The Ras and Raf families of oncogenes have been known for decades as transforming genes, and activation of the Ras/Raf/MEK/ERK pathway is a central feature of many epithelial cancers.  However, aberrant activation of Ras or its downstream effector Raf rather elicits cell cycle arrest and senescence in primary cultured normal cells, suggesting that this response is a primary defense against the Ras/Raf-induced oncogenesis.  Indeed, a number of in vivo data support this theory, as demonstrated during progression of melanoma, and in mouse models of lymphoma, lung adenocarcinoma and pancreatic cancer.  However, molecular mechanisms underlying the contradicting Ras/Raf signaling are yet unclear.

Interestingly, the terminal growth arrest response to Ras/Raf/MEK/ERK activation has also been observed in many tumor cell lines, suggesting that these types of tumor cells may still possess the natural defense systems against aberrant Ras/Raf activation.  Finding a way to mobilize the defense systems in these tumors may aid in designing novel therapeutic strategies.
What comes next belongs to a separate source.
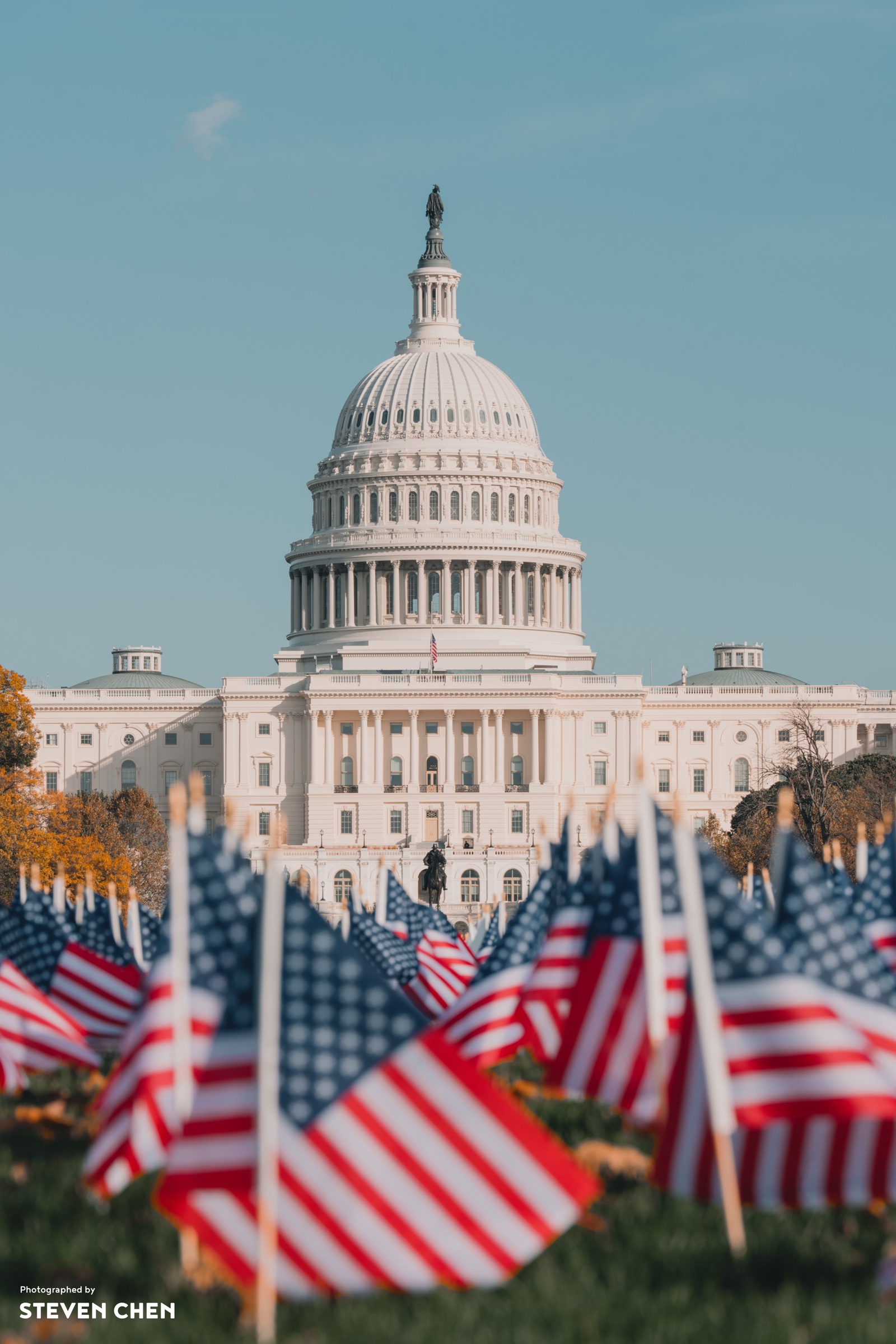 Sea of Flags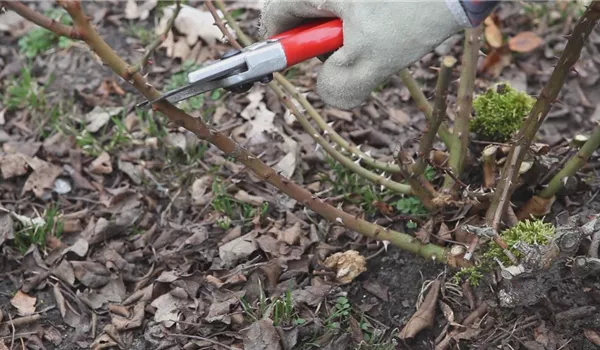 Beetrosen - Zurückschneiden im Frühling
Our overall goal is to understand the mechanistic difference of Ras/Raf-induced growth inhibition vs. proliferation at molecular levels.  Our research focuses on elucidating signaling networks specifically involved in Ras/Raf-induced growth inhibition, including cell-intrinsic as well as cell-extrinsic pathways.  We previously identified leukemia inhibitory factor (LIF) as an autocrine/paracrine factor that can mediate the cell-extrinsic growth inhibition of Ras/Raf.  We continue our effort on investigating the signaling pathways regulated by LIF in the context of Ras/Raf-induced tumor suppression.  Currently, we are analyzing molecular mechanisms of IFI16 upregulation and E2F1 downregulation at transcriptional and translational levels, which are essential for LIF-mediated growth inhibition.  Our effort also includes identification of additional soluble factors involved in the cell-extrinsic growth inhibitory signaling of Ras/Raf using techniques in protein purification and proteomics, and analysis of growth inhibition-specific signaling mechanisms of the MEK/ERK cascade using a variety of biochemical, molecular biological, and cell biological approaches.  

Selected Publications

"Cyclin-Dependent Kinase 5 Activity Controls Cell Motility and Metastatic Potential of Prostate Cancer Cells." C. J. Strock, J.-I. Park, E. K. Nakakura, G. S. Bova, J. T. Isaacs, D. W. Ball, B. D. Nelkin. Cancer Research, 66: 7509-7515 (2006)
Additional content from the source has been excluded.